R. L’articolo 118 dice espressamente che, quando lo Stato non è in grado di fare una cosa, può farla il privato. Questa è la sussidiarietà, che recepisce lo spirito dei padri dell’antica civiltà italiana, delle confraternite, di tutte le attività svolte a sussidio di uno Stato che allora non interveniva. Mentre in Italia, dove questo mondo è nato per volontà della Chiesa, ma anche del movimento liberale e dei movimenti sociali e socialisti, non si realizza. In Inghilterra il cittadino adotta un quartiere, installa panchine per gli anziani, cura il verde. Da noi se un cittadino propone interventi a favore della collettività, come pulire i muri della città, riparare il manto stradale, installare una fontana, tutto gli viene impedito; secondo il Comune, la Provincia, la Regione, non ha il titolo per farlo, rischia di essere denunciato. L’esigenza del Paese è la libertà di iniziativa senza un ritorno economico, diretta ad aiutare gli altri; è la presenza di mecenati puri che realizzino azioni concrete. C’è a Roma un museo chiuso da 4 anni, vorremmo prenderlo in gestione, aprirlo, farvi lavorare i giovani, consentirne la fruizione.
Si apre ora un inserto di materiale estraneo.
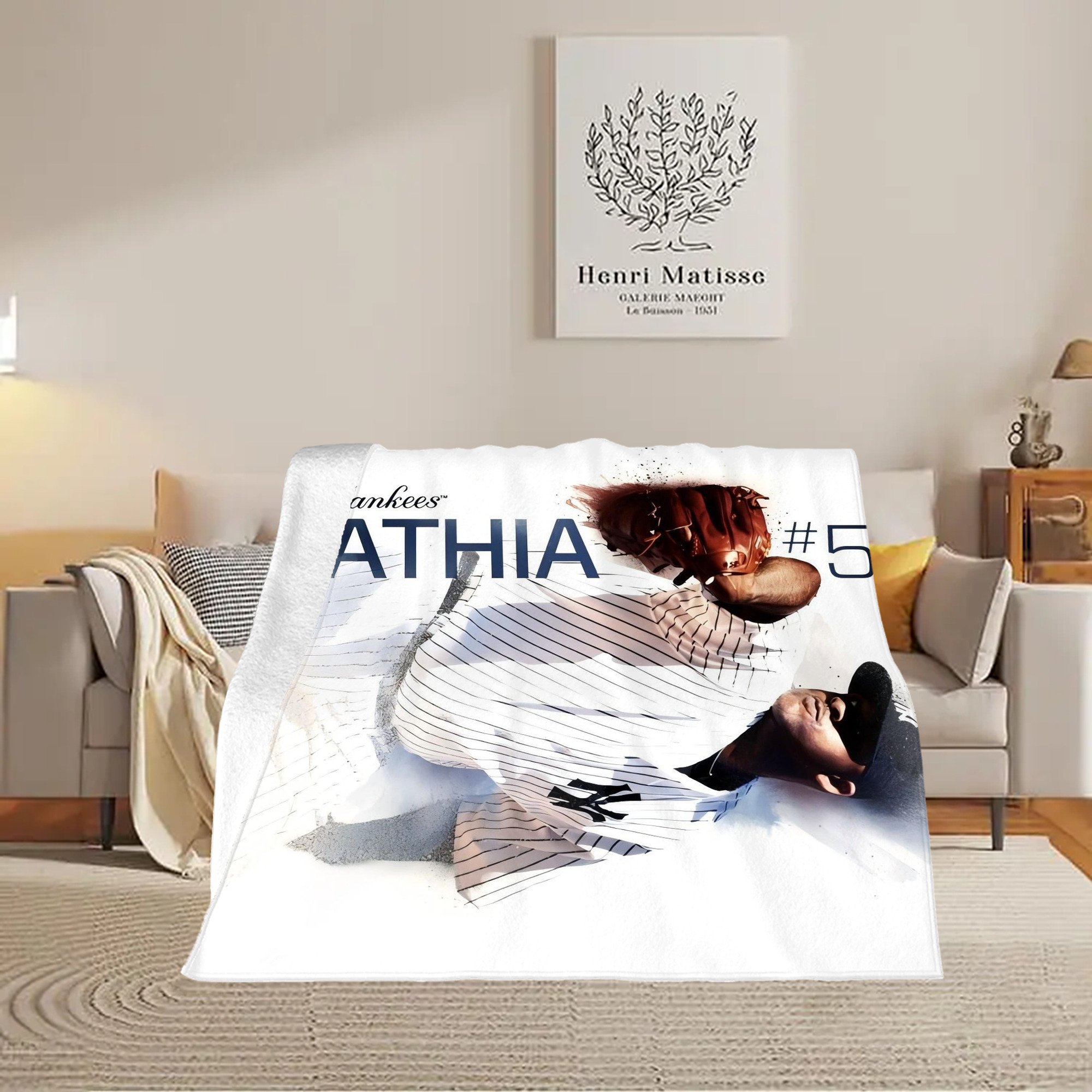 CC Sabatnia 25 Soft Fleece Throw Blanket 50 X 60 Inch – Super Soft, Lightweight, And Durable – Perfect For Sofa, Bed, Camping, And More – Ideal Gift For Family And Friends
D. Di quale museo si tratta?
R. L’Isiao, il museo dell’Africa italiana, ma si stanno chiudendo intorno a Roma anche biblioteche e gallerie d’arte, che lo Stato preclude al privato di gestire, ignoro per quale motivo. Qualcuno suppone: «Perché vedono in noi quello che dovrebbero fare loro ma non fanno». Forse risentiamo di un eccesso di autoritarismo storico, nato prima del Fascismo con il Governo Crispi, che era uno statalista. Una storia di statalismo centralizzato caratterizza ancora la società, non c’è quell’apertura che esiste nei Paesi anglosassoni, nei quali il cittadino può contribuire alle grandi iniziative.